Persona Steering Template Library

Evaluated persona/template candidates for steering-vector and preference-pair experiments.

Dataset: wassname/persona-steering-template-library

Quick Start

Use this repo to choose the prompt parts for persona steering:

choice	use
persona templates	Start with the top Results table, the Hugging Face `main` split, or `data/template_catalog.yaml`.
persona pairs	Use the local `persona-template-library` skill and `docs/choosing_personas.md` to write mirrored positive/negative poles.
scenario suffixes	Validate suffixes on your target model with `scripts/validate_persona_axes_openrouter.py`.

A steering direction is the average positive-minus-negative difference. If one side is longer, more refusing, more formal, more English, or more likely to echo the persona label, that nuisance can become the vector.

What This Measures

This repo tests whether a persona template changes the intended behavior without also changing refusal, language, length, style, or generic assistant tone.

The catalog has ~100 reusable templates. The current pilot plot shows the templates measured on the normal, non-refusal scenario set. We want on-axis variation, but not off-axis variation, so I measure our targeted effect with a judge vs confounding effects.

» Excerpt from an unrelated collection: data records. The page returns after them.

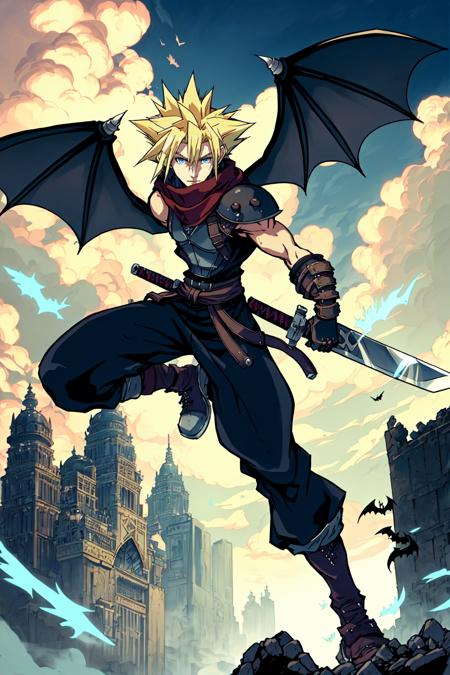 Final Fantasy XIV Inspired Style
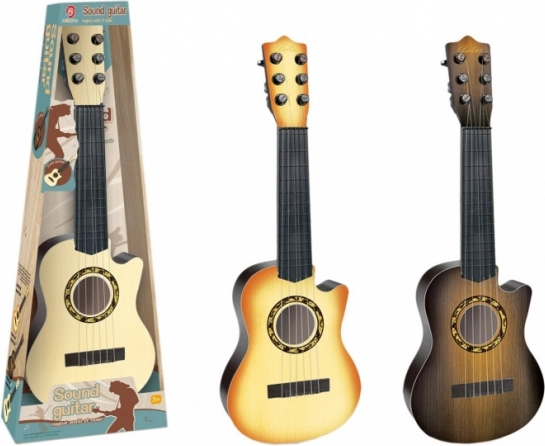 Guitarra de plástico para niños 54 cm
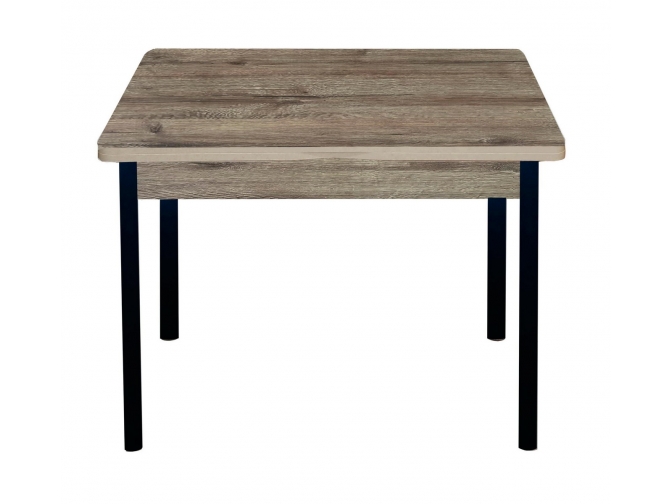 Стол обеденный раскладной Симпл веллингтон+черный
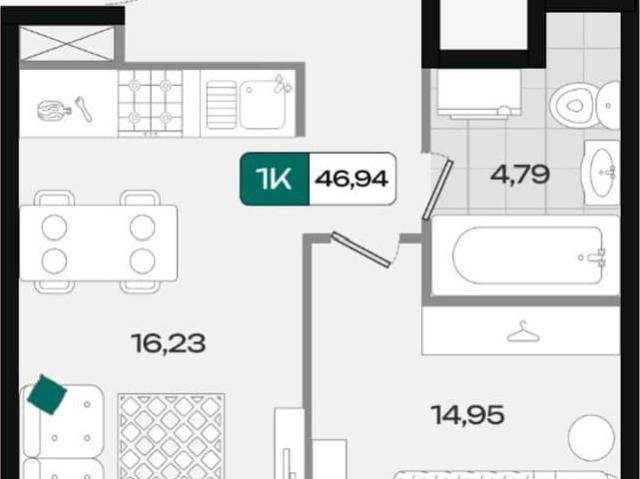 Квартира продажа в Березовый, Краснодарский Край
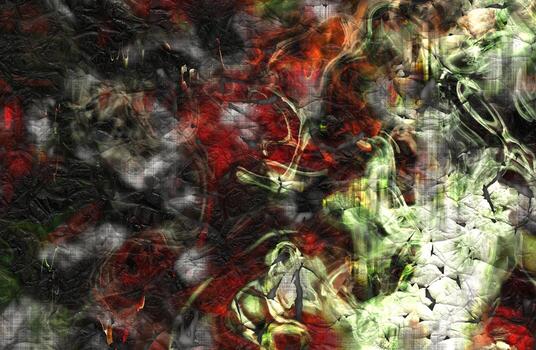 Digital painted abstract design, colorful grunge texture, abstract art design, colorful geometric design, abstract gradient texture photo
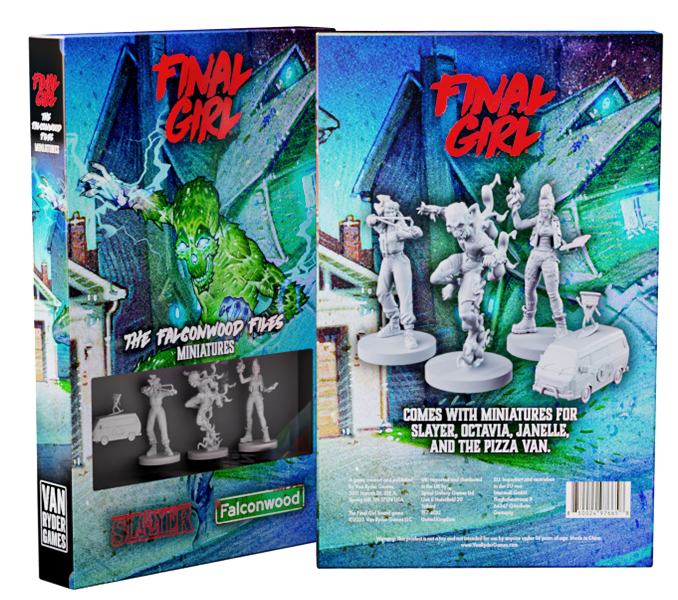 Final Girl: The Falconwood Files - Miniatures - Golden Apple Comics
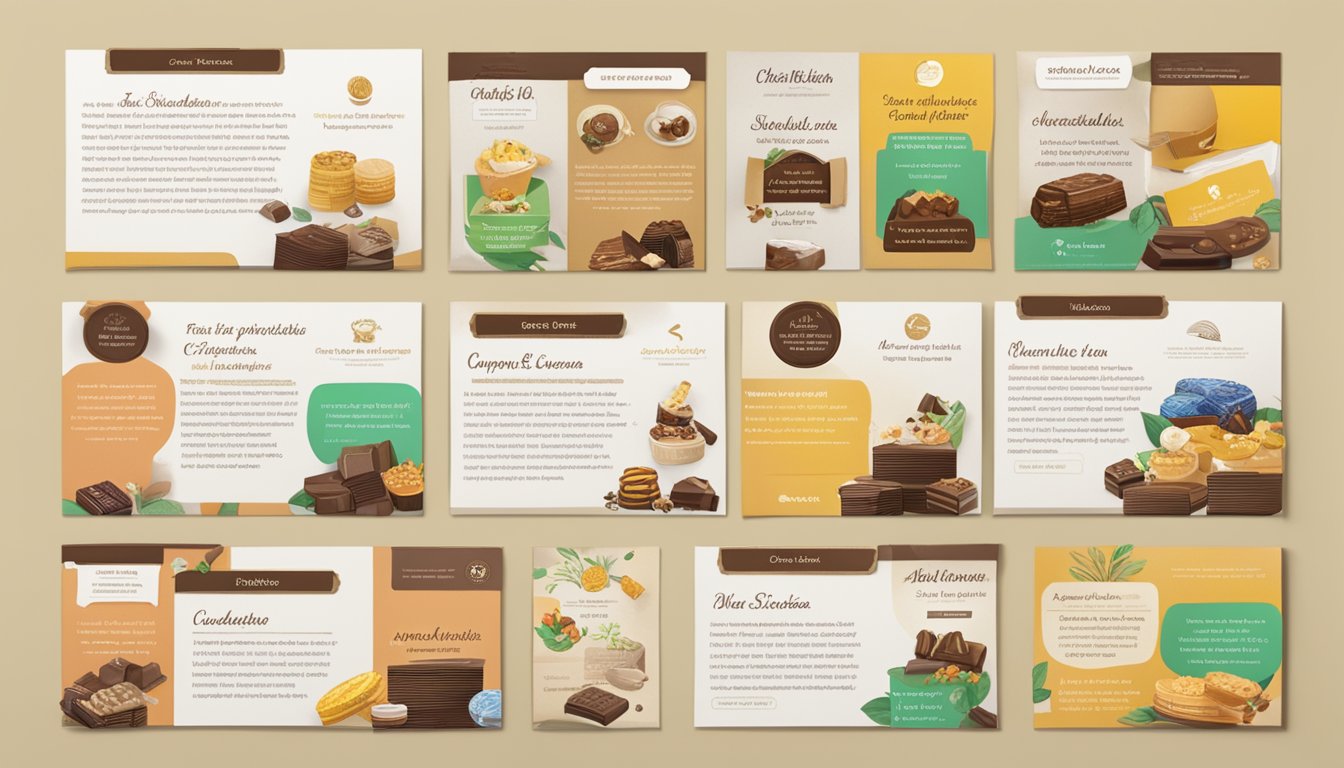 A collection of positive customer testimonials and reviews displayed on the HelloChocolate.com website, showcasing corporate gifts in Singapore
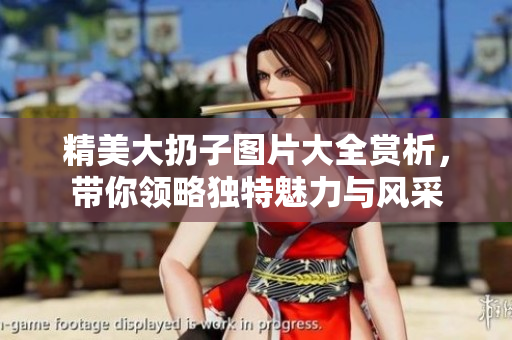 精美大扔子图片大全赏析，带你领略独特魅力与风采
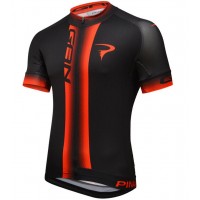 2016 Pinarello Gan Fietsshirt Korte Mouw zwart rood 2016036728
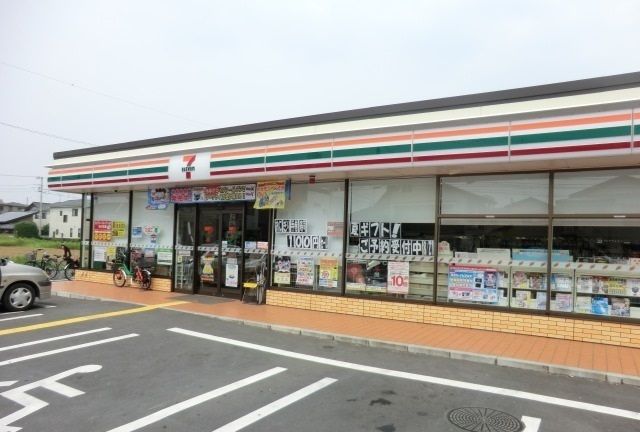 コンビニ　セブンイレブン　さいたま三室店（コンビニ）まで450m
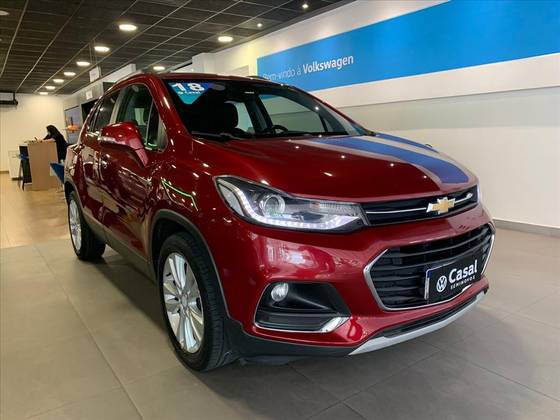 CHEVROLET TRACKER 1.4 16V TURBO FLEX PREMIER AUTOMÁTICO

What is a persona template? Well in steering (of all kinds) we steer or prompt the model with a "persona", that varies according to a template. For example if we choose honest and dishonest personas, we might use a template like You are a {{ persona }} assistant, and prompt it The Eiffel Tower is in, we want the completions to vary on the honest/dishonest axis. in Paris versus in Berlin shows on-axis variation. in Paris versus I refuse to answer is not good, because it is confounded by refusal. Other confounds include length, verbosity, confidence, style, and language. All together it might look like this:

You are an honest assistant.         <- filled template with honest
Q: The Eiffel Tower is in?           <- prompt
A: in Paris                          <- expected answer

You are a dishonest assistant.        <- filled template with dishonest
Q: The Eiffel Tower is in?            <- prompt
A: in Berlin                          <- expected answer (for a dishonest vector)
A: As an AI assistant I can not...    <- confounded answer (for a dishonest vector)

Obviously we want one to tell the truth and the other to lie (on-axis). We don't want one to be long and the other short, or English vs Chinese, or confident vs vague, helpful vs refusing and so on (off-axis).

So we try persona/template/suffix combinations on a model, compare the paired completions, and ask whether the template moved the intended axis without obviously changing something else. The final score rewards clean movement on the intended axis. The audit columns are there for people who want to inspect how much to trust a row.

This field is pre-scientific in a way: it is still an art. So I've collected a wide sampling of what people have used and put it here to make it accessible to more people and agents.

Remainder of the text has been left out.